◆ Supplied records ◆

=====

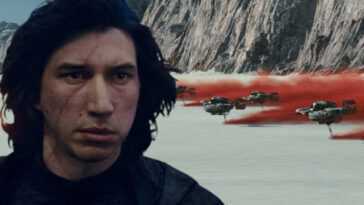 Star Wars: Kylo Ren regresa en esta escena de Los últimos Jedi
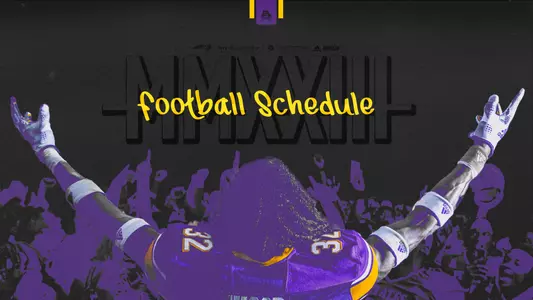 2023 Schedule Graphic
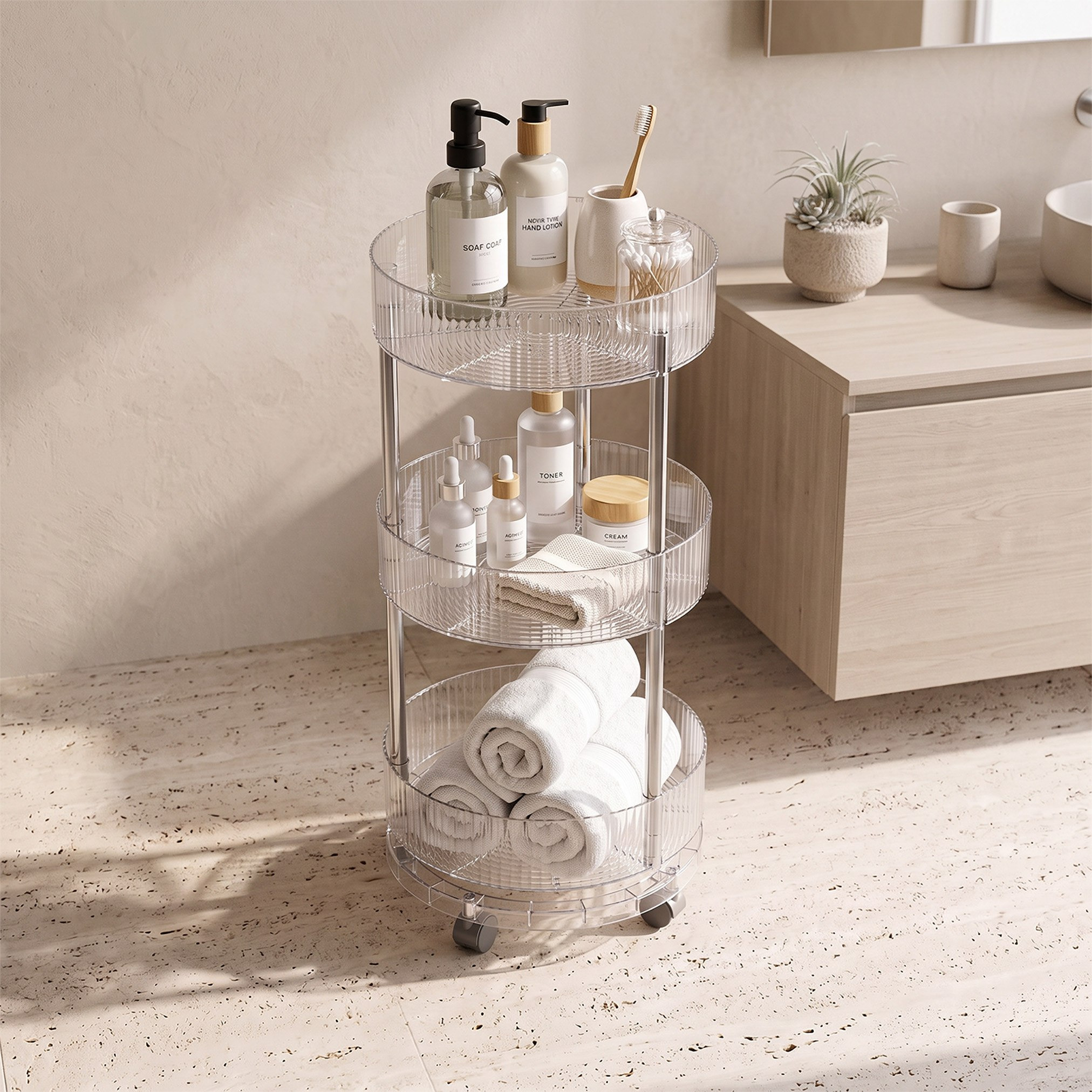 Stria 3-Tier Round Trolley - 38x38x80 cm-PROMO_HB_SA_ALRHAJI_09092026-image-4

=====

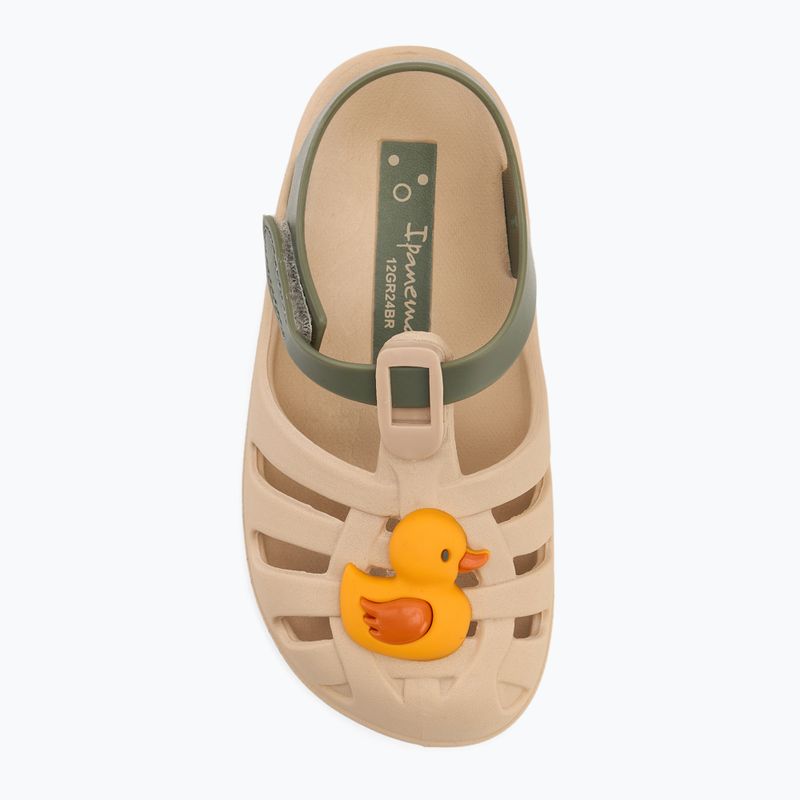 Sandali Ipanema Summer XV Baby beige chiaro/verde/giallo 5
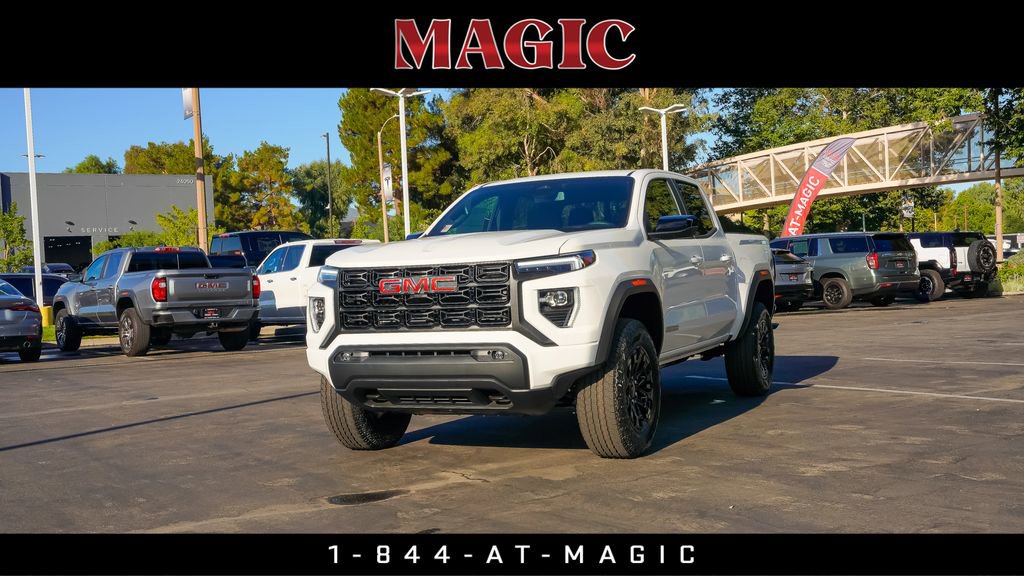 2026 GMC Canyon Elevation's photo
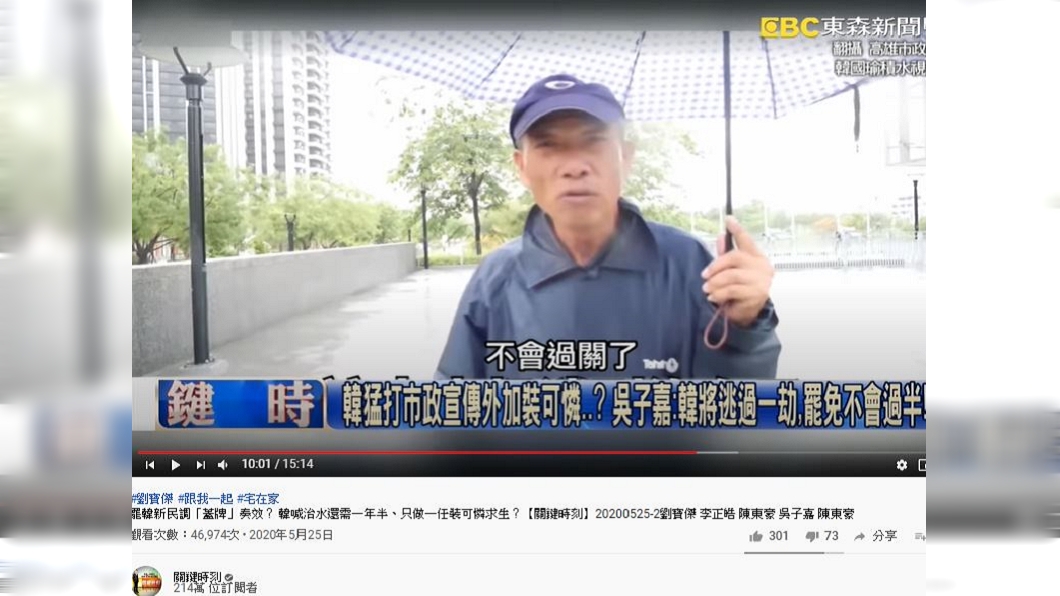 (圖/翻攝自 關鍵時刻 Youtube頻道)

=====

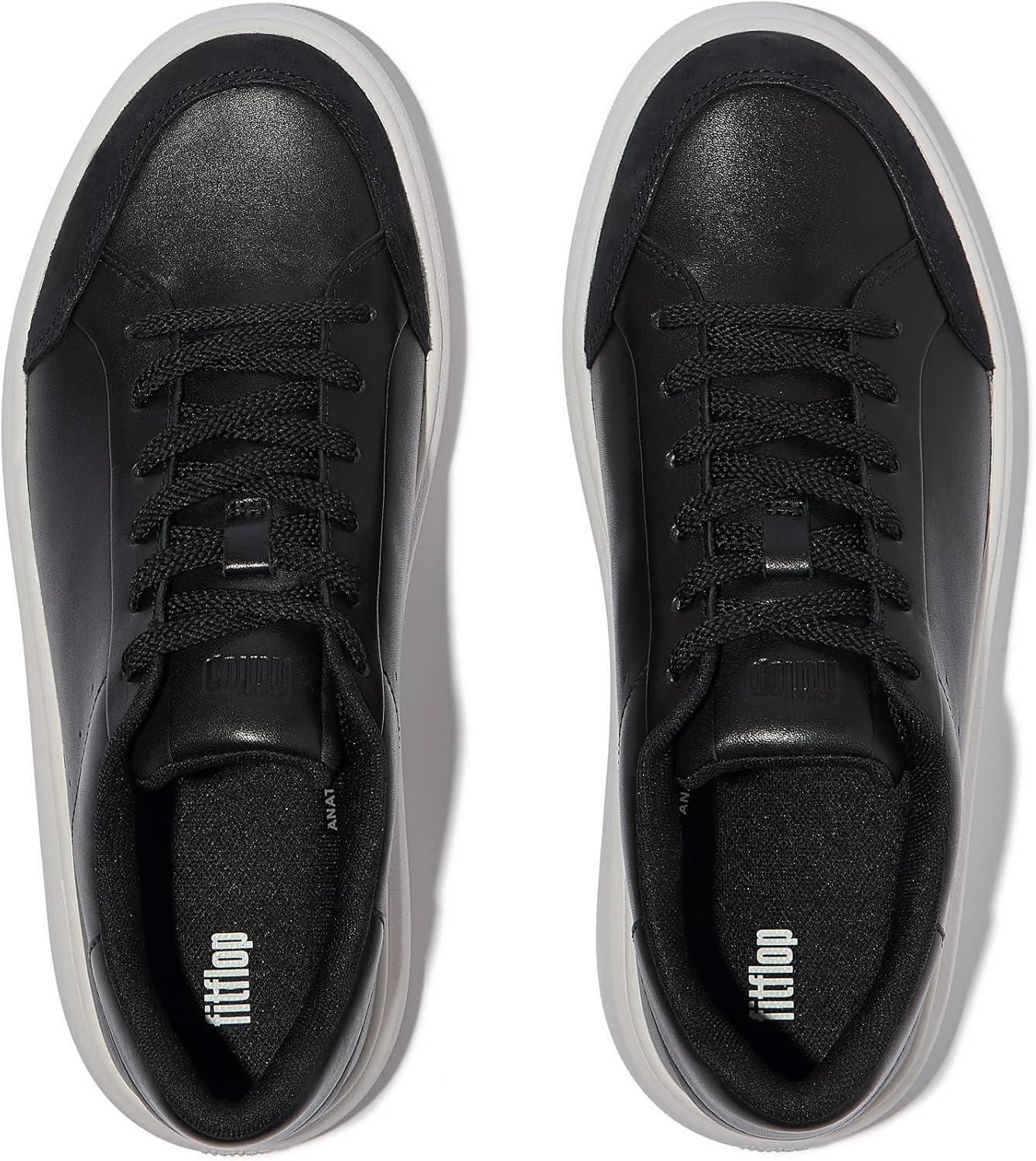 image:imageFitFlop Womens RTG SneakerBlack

=====

◆ Required work ◆
Extract from the material above the stretch running from the line containing "2023 Schedule Graphic" through the line containing "Stria 3-Tier Round". Keep the text exact and the pictures out.

◆ Task answer ◆
 2023 Schedule Graphic
 Stria 3-Tier Round Trolley - 38x38x80 cm-PROMO_HB_SA_ALRHAJI_09092026-image-4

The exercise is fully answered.